===== Dataset section
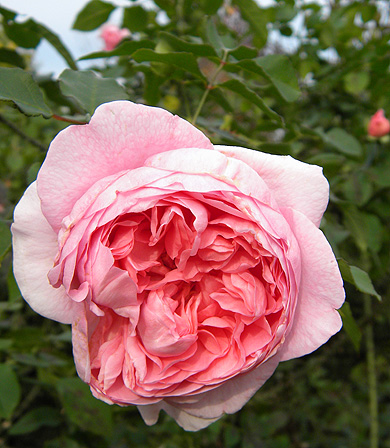 a0001354_20255755.jpg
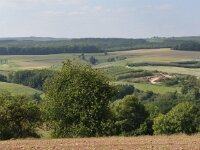 Herfstrit Esch sur Sure 107
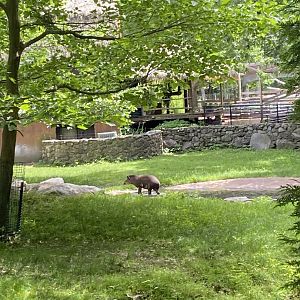 June 2021 Brazilian Tapir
==========
Leave the pictures out. Otherwise, output the listing above exactly.

 a0001354_20255755.jpg
 Herfstrit Esch sur Sure 107
 June 2021 Brazilian Tapir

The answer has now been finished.